### Information provided

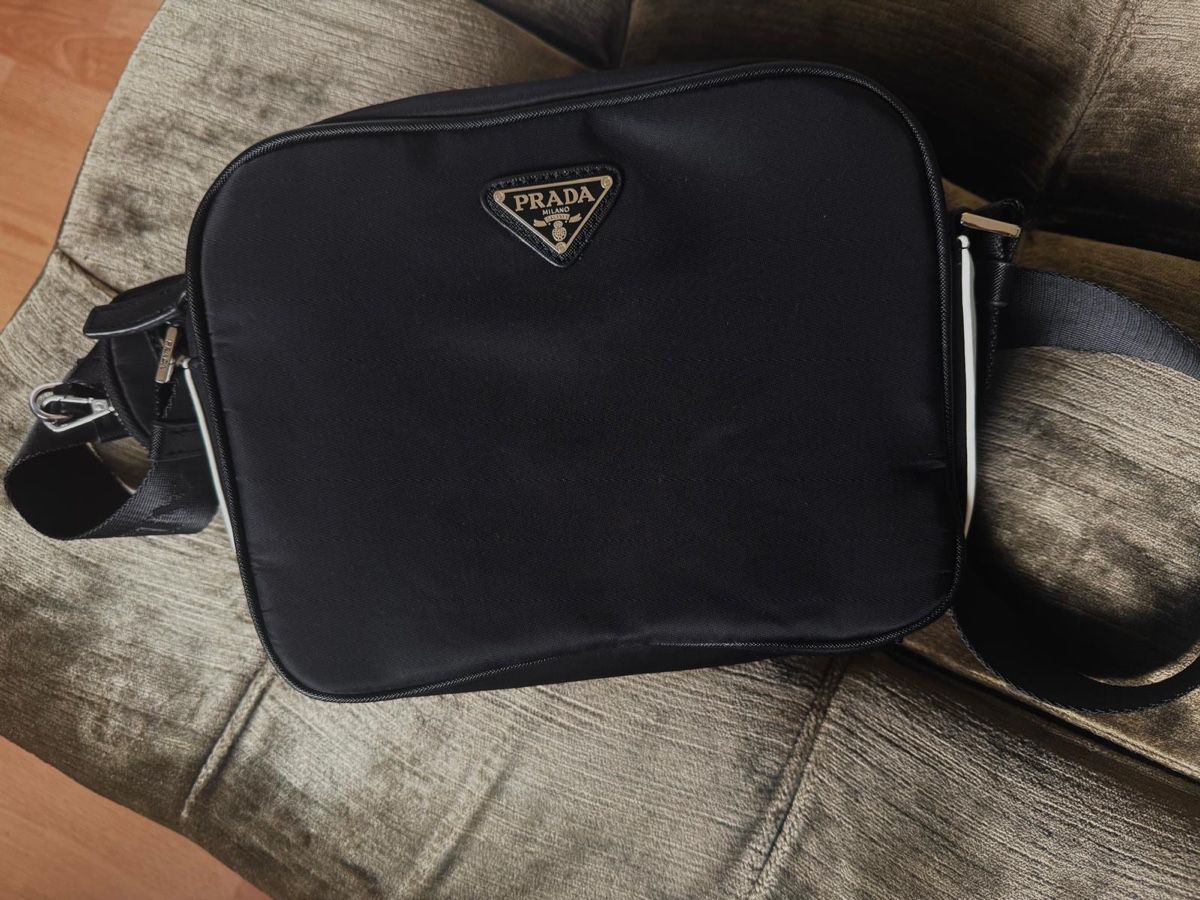 Borse da donna: Really nice unisex’s PRADA bag – Nuovo (secondo la descrizione) da Kilchberg ZH venduto da Suisse500 1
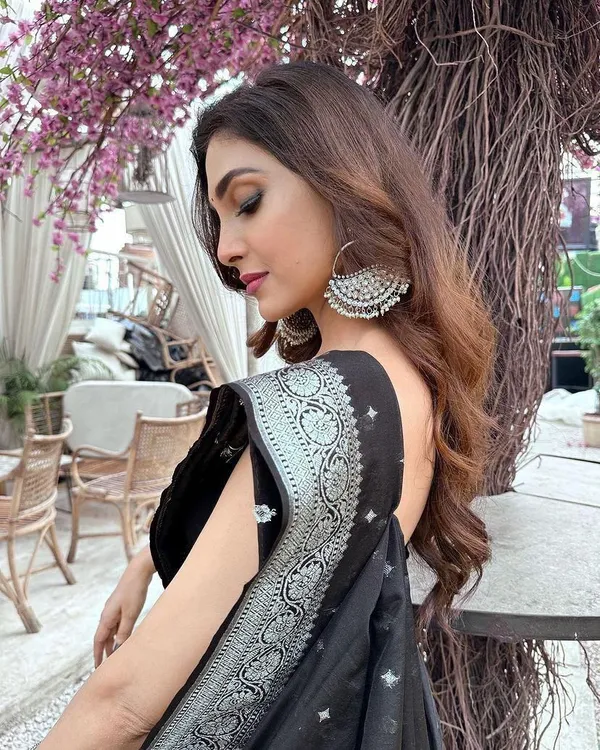 Black_Cotton_Silk_Floral_Print_Regular_Saree_For_Women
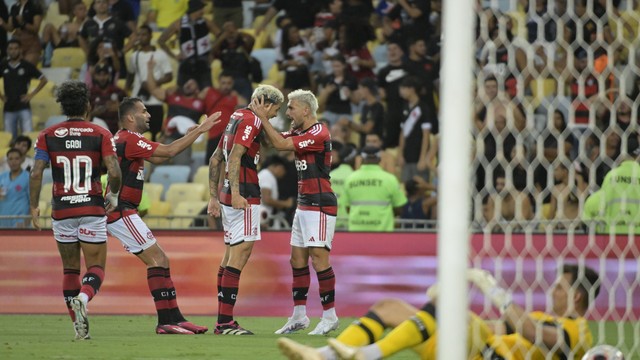 Pedro e Arrascaeta em Flamengo x Vasco
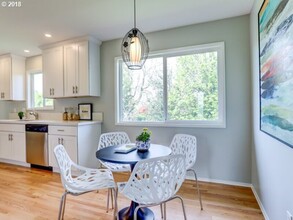 14017 NE Sacramento St in Portland, OR - Building Photo - Building Photo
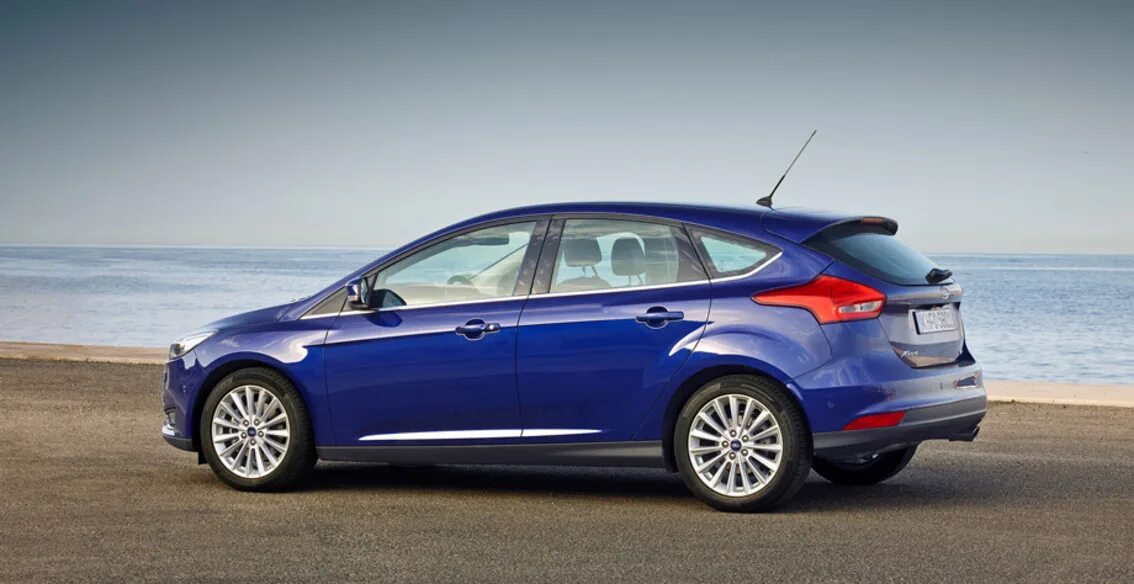 Цвет ford deep impact blue focus 3. Ford focus 2014 седан. Focus impact. Ford focus rs 2014. Focus impact.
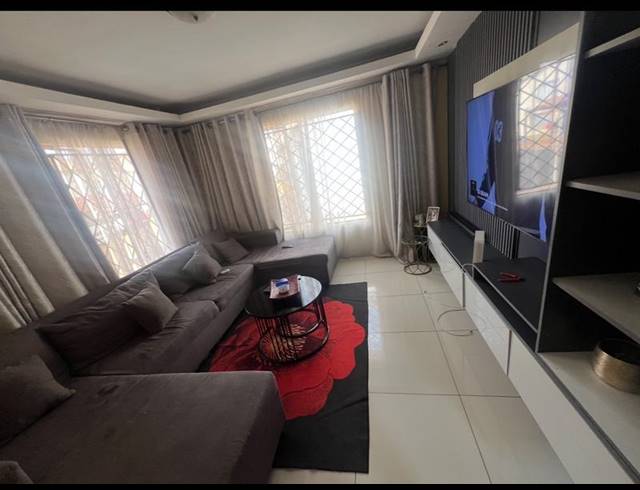 3 BEDROOM TOWNHOUSE FOR SALE IN CLAYVILLE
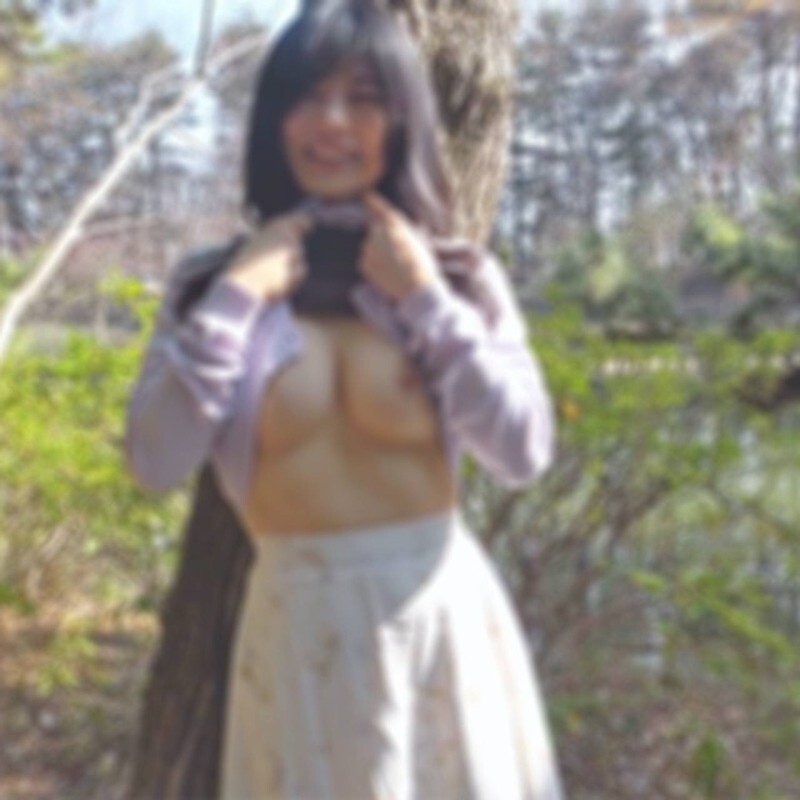 노출 데이트, 산책하면서 가슴 뽀뽀하거나 젖꼭지 괴롭히거나 전나무 보고. 산잔 Fucked 후 질 내 사정되는 초미인 유부녀!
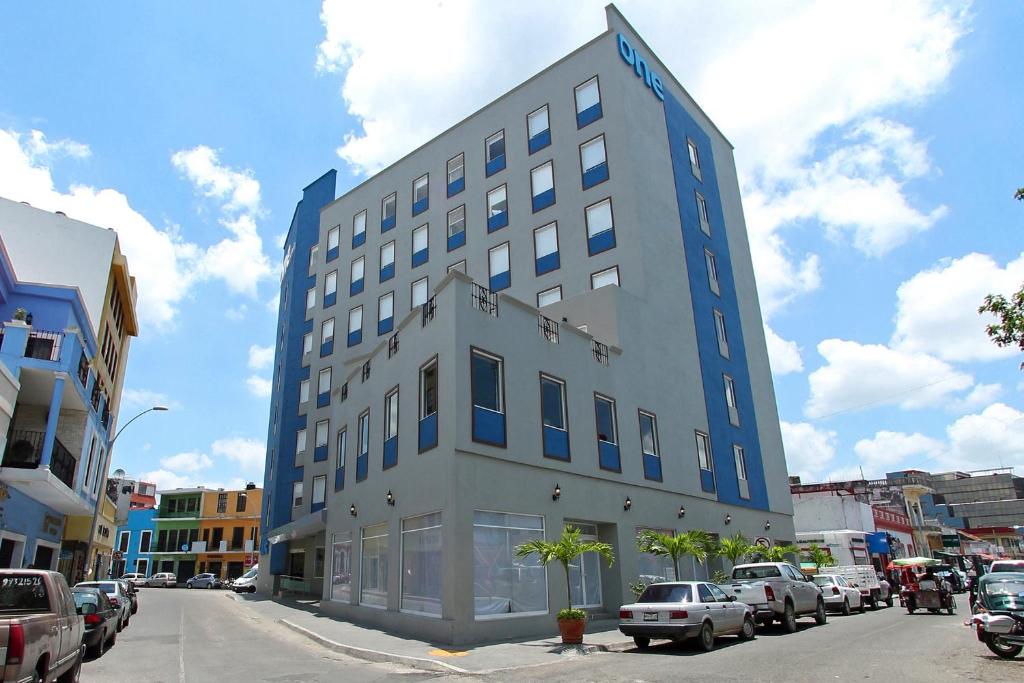 a tall building on the side of a street at One Villahermosa Centro in Villahermosa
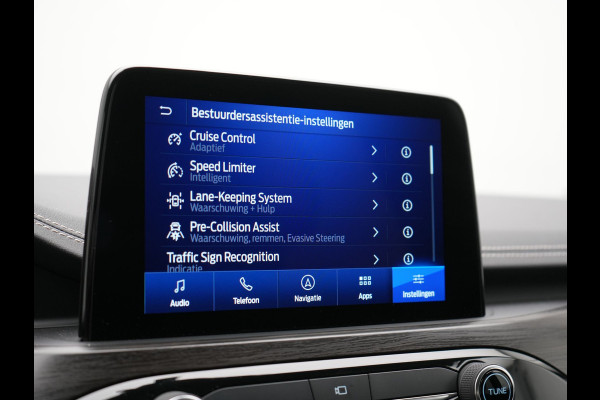 Ford Kuga 2.5 PHEV Vignale 225pk Dealer O.H. | Trekhaak Af Fabriek | Adaptive Cruise | 360 Camera | Head Up | Bang & Olufsen | Lederen Sportstoelen Memory & Verwarmd | Keyless | BLIS | Stuur Verwarmd | Apple Carplay | Navigatie | DAB |  Plug In Hybrid |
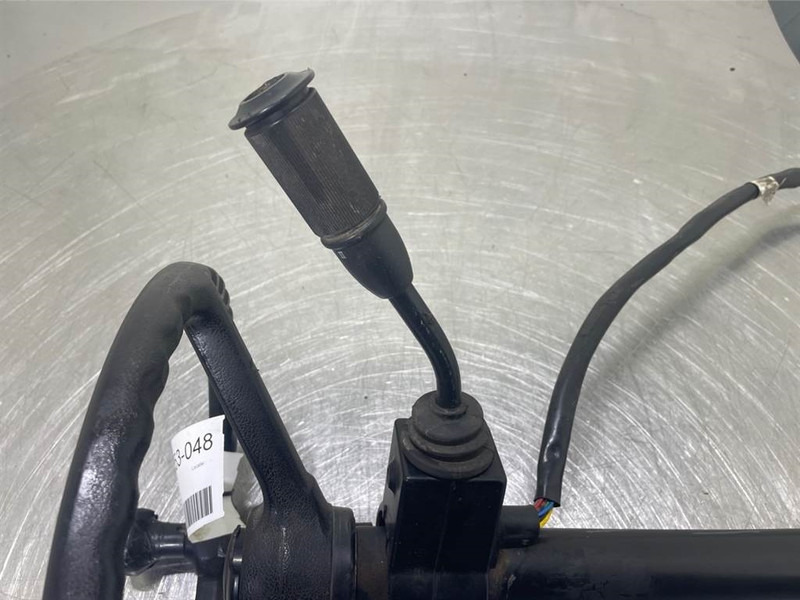 Liebherr A316-9906894/7024149-Steering wheel/Lenkrad/Stuur - Kabiin ja interjöör - Ehitusmasinad: pilt 5 Liebherr A316-9906894/7024149-Steering wheel/Lenkrad/Stuur - Kabiin ja interjöör - Ehitusmasinad: pilt 5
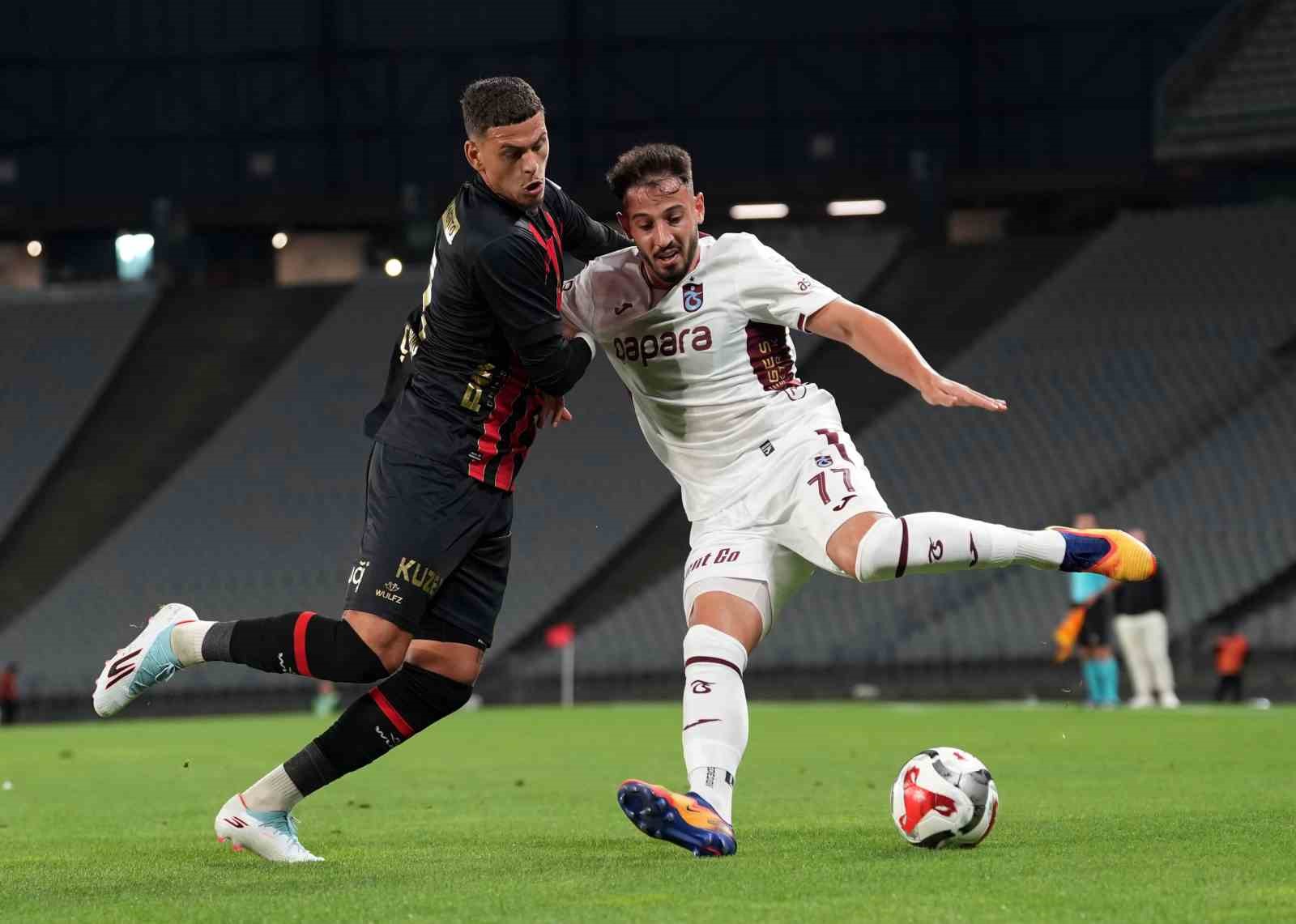 Trendyol Süper Lig: Fatih Karagümrük: 1 - Trabzonspor: 3 (İlk yarı)
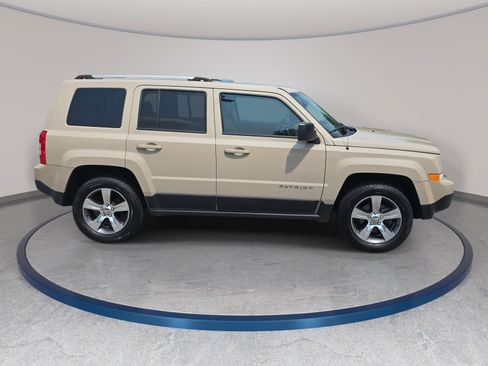 Used 2017 Jeep Patriot High Altitude AWD/4WD image 4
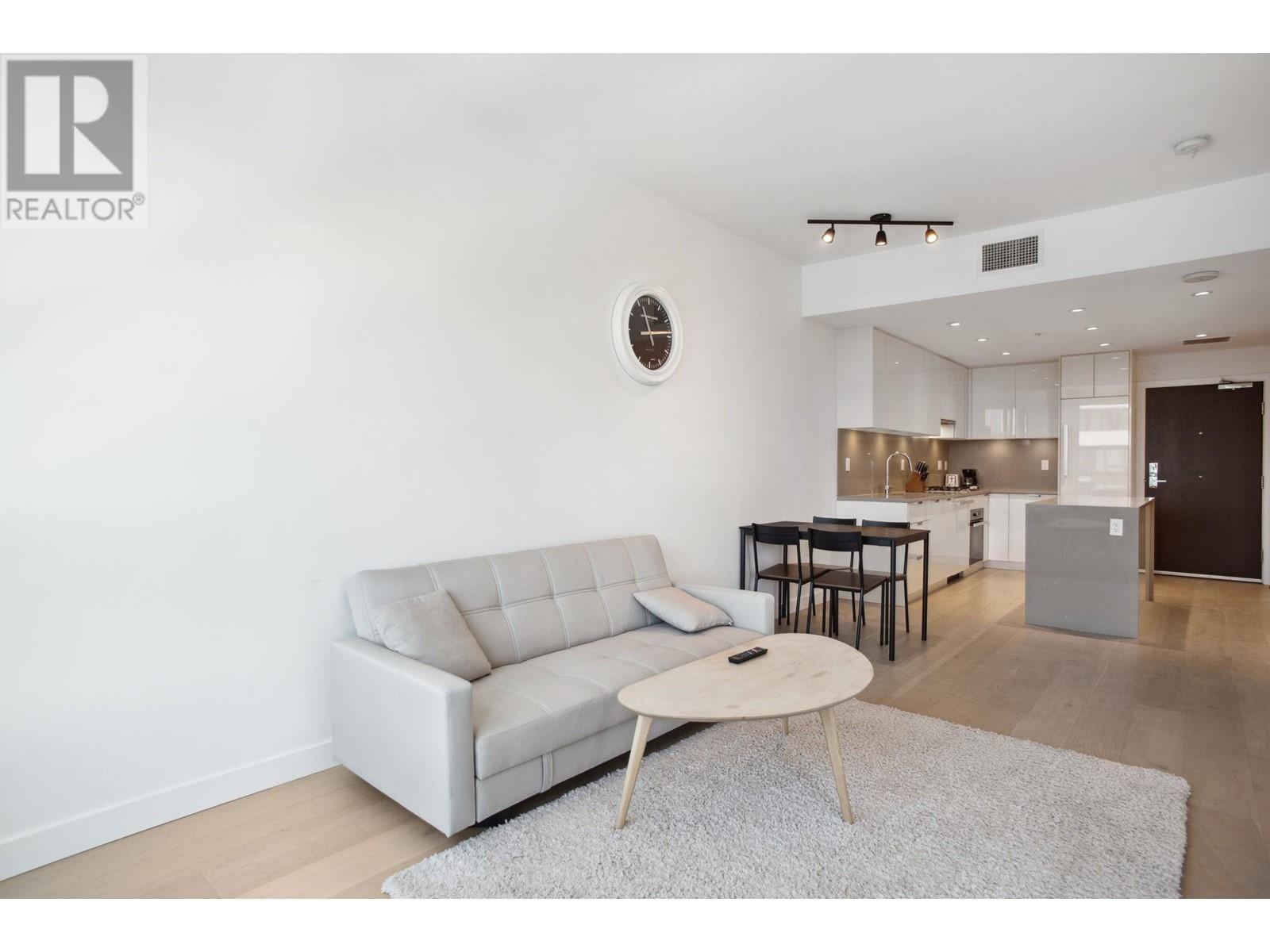 Listing Picture 10 of 25 : 602 6328 CAMBIE STREET, Vancouver / 溫哥華 - 魯藝地產 Yvonne Lu Group - MLS Medallion Club Member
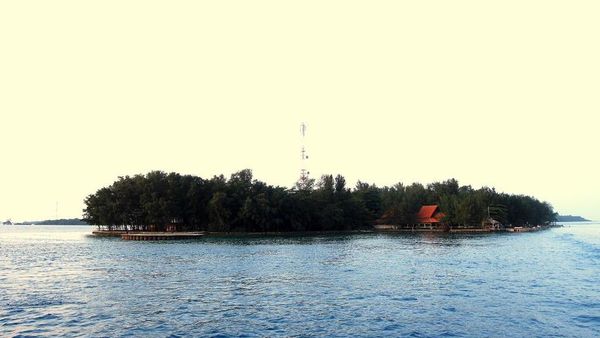 Siang Atau Malam, Pulau Puteri Tetap Saja Cantik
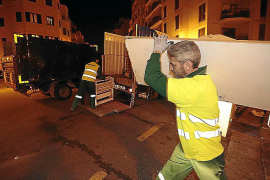 Tres sindicatos de Emaya salen en defensa de la recogida de trastos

######

Instructions for the task:
Your answer should be the exact lines above from the one containing "노출 데이트, 산책하면서" through the one containing "Ford Kuga 2.5", with both end lines kept and the pictures removed, please.

Answer box:
 노출 데이트, 산책하면서 가슴 뽀뽀하거나 젖꼭지 괴롭히거나 전나무 보고. 산잔 Fucked 후 질 내 사정되는 초미인 유부녀!
 a tall building on the side of a street at One Villahermosa Centro in Villahermosa
 Ford Kuga 2.5 PHEV Vignale 225pk Dealer O.H. | Trekhaak Af Fabriek | Adaptive Cruise | 360 Camera | Head Up | Bang & Olufsen | Lederen Sportstoelen Memory & Verwarmd | Keyless | BLIS | Stuur Verwarmd | Apple Carplay | Navigatie | DAB |  Plug In Hybrid |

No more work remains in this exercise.